L’expérience de M. Hales lui a fourni encore une réflexion intéressante & plus exacte ; la voici : Suivant le Docteur Keill, un homme prend 4 livres 8 onces d’aliments solides ou liquides en 24 heures : le poids de ses excréments est de 5 onces ; ainsi les matières extraites des aliments pour sa nourriture, sont réduites à 4 livres 3 onces. On a prouvé que le Soleil attire dans un pareil espace de temps, 1 liv. 6 onces. Mais il est important de faire attention, tant à l’égard de la nourriture, que par rapport à la transpiration, que la plante de Soleil, qui faisait l’objet de l’expérience de M. Hales, a beaucoup moins de masse qu’un homme : & si l’on suit le calcul que ce célèbre Physicien a fait, on verra qu’à masses égales, cette plante tire & transpire 17 fois plus qu’un homme. Cette prodigieuse transpiration est d’autant plus nécessaire que les plantes n’ont que cette seule voie pour se décharger de ce qui devient inutile pour leur nourriture : il était donc nécessaire que les feuilles eussent de grandes surfaces pour suffire à cette sécrétion ; au lieu que l’homme, outre cette faculté de transpirer, a encore l’évacuation des gros excréments, des urines, de la salive, de ce qui s’échappe par les narines, par la respiration, etc. Il paraîtra peut-être étonnant que les plantes tirent de la terre une aussi grande quantité de substance ; mais il est probable qu’elle n’est pas aussi nourricière que le sont les aliments que prennent les hommes, quoique la sève tirée par les pantes, soit une espèce de chyle, qui ne doit fournir aucune matière de gros excréments.

Ces réflexions font apercevoir que la transpiration qui influe certainement sur l’état de santé ou de maladie des hommes, est encore tout autrement importante à l’économie végétale ; & que son excès, ou sa diminution, doivent causer des maladies aux plantes. Nous aurons occasion d’en parler dans la suite.

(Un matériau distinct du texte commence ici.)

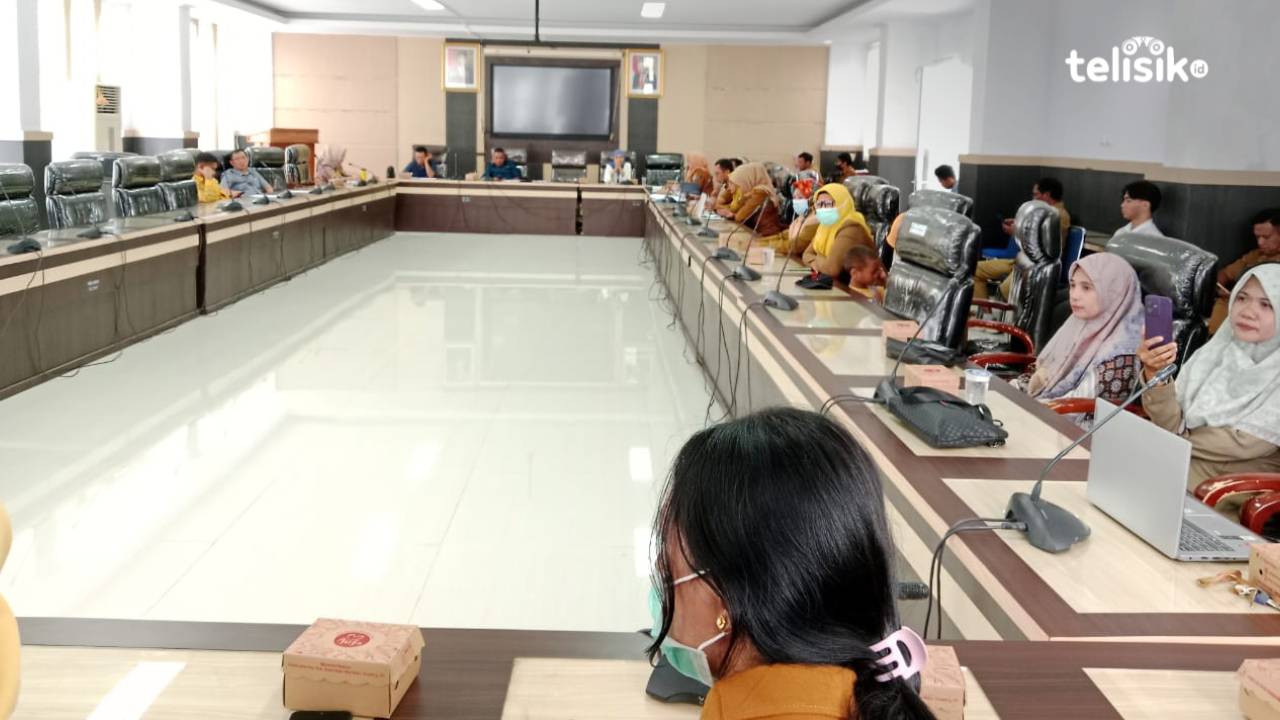 Belasan Tenaga Honorer Ngadu di DPRD Kendari Soal PPPK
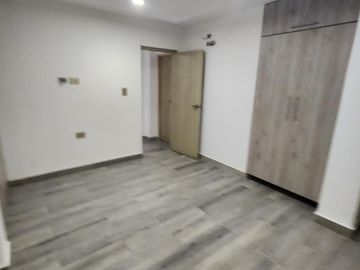 casa en venta en country club villas. Cod V101364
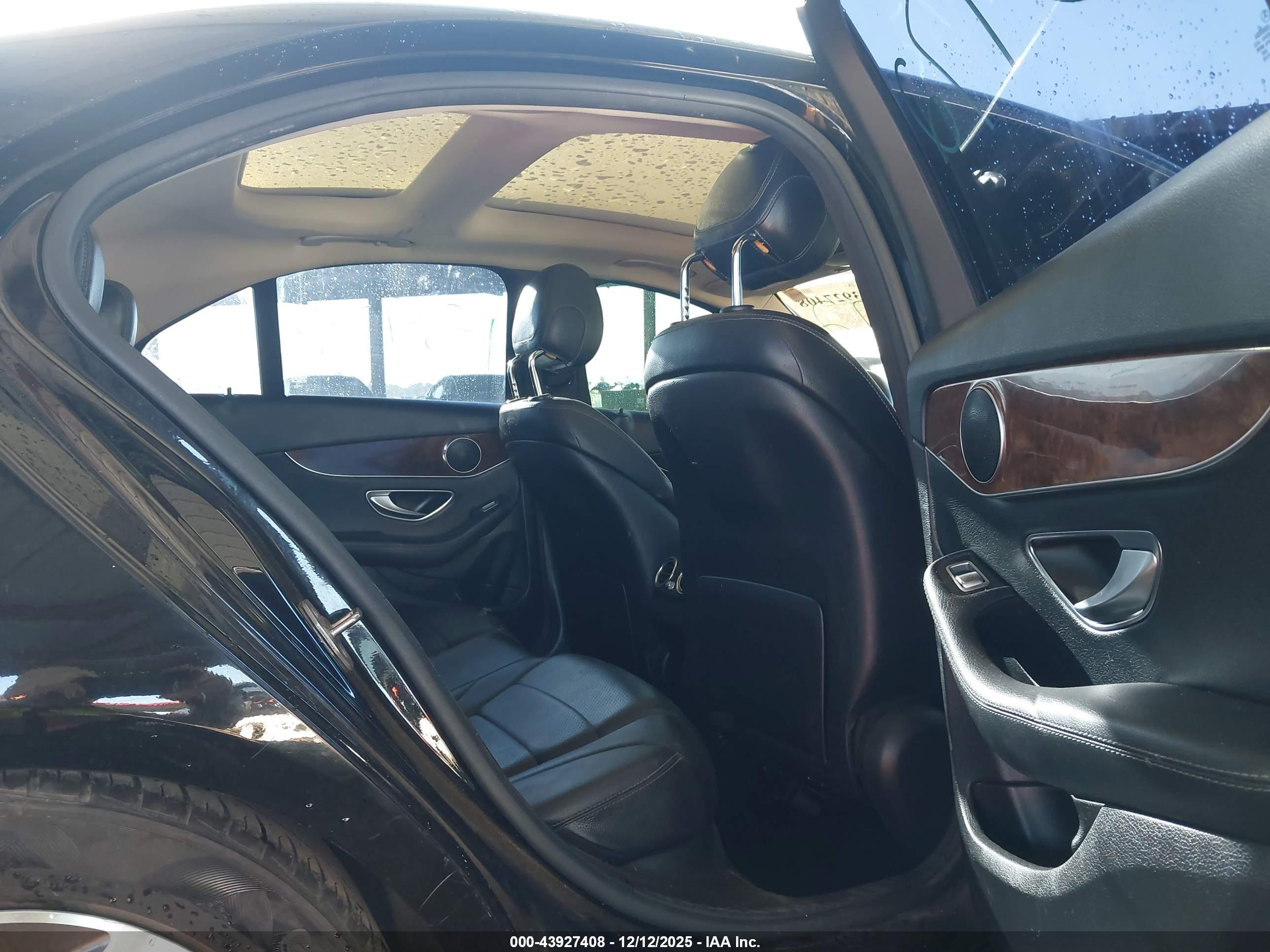 MERCEDES-BENZ C image 8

M. Hales ayant répété cette même expérience sur un chou de moyenne grosseur, la transpiration moyenne fut de 19 onces. La surface de la tête de ce Chou se trouva être de 19 pieds, ou de 2736 pouces carré : la surface des racines fut estimée être d’environ 256 pouces carrés ; & l’aire de la coupe horizontale du tronc, de 100/156 de pouces carrés, d’où notre Auteur conclut, qu’il faut nécessairement que la sève entre dans les racines des plantes, avec 11 fois plus de vitesse qu’elle ne sort par les feuilles ; & que la vitesse de la sève dans le tronc, abstractions faite de la circulation, & n’ayant égard qu’à ce qui s’échappe par la transpiration, est à la vitesse de cette sécrétion qui s’échappe par les feuilles, comme 4268 est à 1, même en supposant que le tronc du Chou est un tuyau creux ; & l’on n’exagérera point, si l’on diminue ce canal d’un quart, pour les parties solides qui y sont renfermées ; ce qu’on pourra évaluer assez précisément, si l’on dessèche parfaitement un morceau du tronc d’un Chou : car on connaîtra, par ce qui restera de poids, combien il renferme de parties solides. Ce n’est pas tout ; comme il est probable que la sève passe dans les plantes, réduite en vapeurs, ou du moins dans un grand état de raréfaction, sa vitesse doit augmenter en proportion directe de l’espace qu’occuperait une pareille quantité d’eau qui serait réduite en vapeurs ; en sorte que si de l’eau réduite en vapeurs occupe dix fois plus d’espace, il faut conclure que la sève passera dans le tronc avec dix fois plus de rapidité que nous avons dit.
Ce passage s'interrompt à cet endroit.